The newly appointed chief executive of loss-making Malaysia Airlines said on Monday the carrier is 'technically bankrupt', underlining the case for a restructuring to cut a third of jobs, scrap some international routes and review its long-haul fleet.

"We are technically bankrupt...the decline of performance started long before the tragic events of 2014," Christoph Mueller said, speaking at a news conference. Already squeezed into years of losses by stiff regional competition, the carrier was seriously affected last year by two separate jet disasters.

Mueller was making his first public appearance as CEO since being hired last month by the carrier's owner, Malaysian state fund Khazanah, to lead the restructuring. Khazanah, previously the majority owner, took the airline private last year as part of a 6 billion Malaysian ringgit ($1.63 billion) plan aimed at returning it to profit within three years.

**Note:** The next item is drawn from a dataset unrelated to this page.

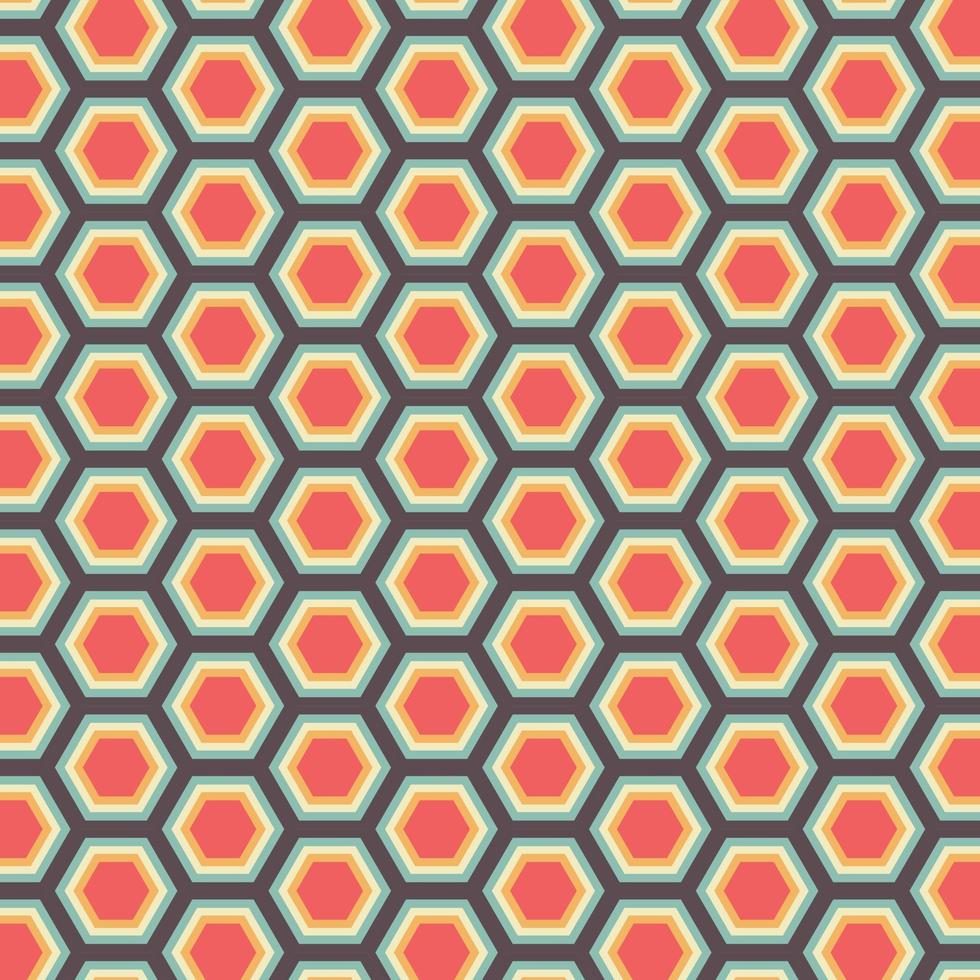 hexagonal retro color seamless pattern perfect for background vector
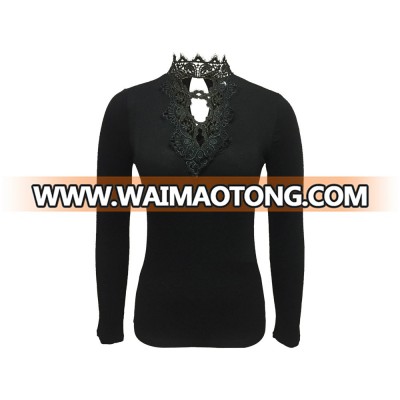 New Fashion Viscose Spandex Women Latest Graceful High Neck Long Sleeve Black Color Top with Crochet Lace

The carrier on Monday said its new legal entity is Malaysia Airlines Bhd (MAB), replacing the previous Malaysian Airline System Bhd (MAS), with Mueller promising to unveil a full corporate rebranding in future. The carrier also confirmed previously disclosed plans to cut 6,000 jobs, shrinking its workforce to 14,000, are now being implemented.

"We will remain a full service international carrier connecting continents," Mueller said, adding that while some international routes will go there were no plans to turn it into a regional carrier. He also said there would be no cutbacks in domestic network.

Capacity measures would include "reducing aircraft size on certain routes, reducing frequency on certain routes, and certain cases abandoning the route altogether," he said.

As part of the restructuring, the airline will review the fleet of 13 Boeing Co 777-200ER jets it uses on some long-haul routes, while planning to find buyers for two of six Airbus Group A380 aircraft it currently operates on flights to destinations like London. It plans to keep the remainder of its fleet intact.

Before joining the Malaysian carrier, the 52-year-old German national successfully restructured Ireland's state-backed Aer Lingus and spearheaded a revamp at Lufthansa. The executive told Reuters in an interview last week that he was aiming for a much smaller network and fleet, as well as a sharper focus on cost-cutting.

In its last earnings announcement as a public company, the airline recorded its worst quarterly loss since late 2011 as passenger numbers and yields dropped further after the loss of the two jets.

Flight MH370, carrying 239 passengers and crew, disappeared in March last year, in what has become one of the greatest mysteries in aviation history. Last July, Flight MH17 was shot down over rebel-held territory in eastern Ukraine, and all 298 aboard were killed.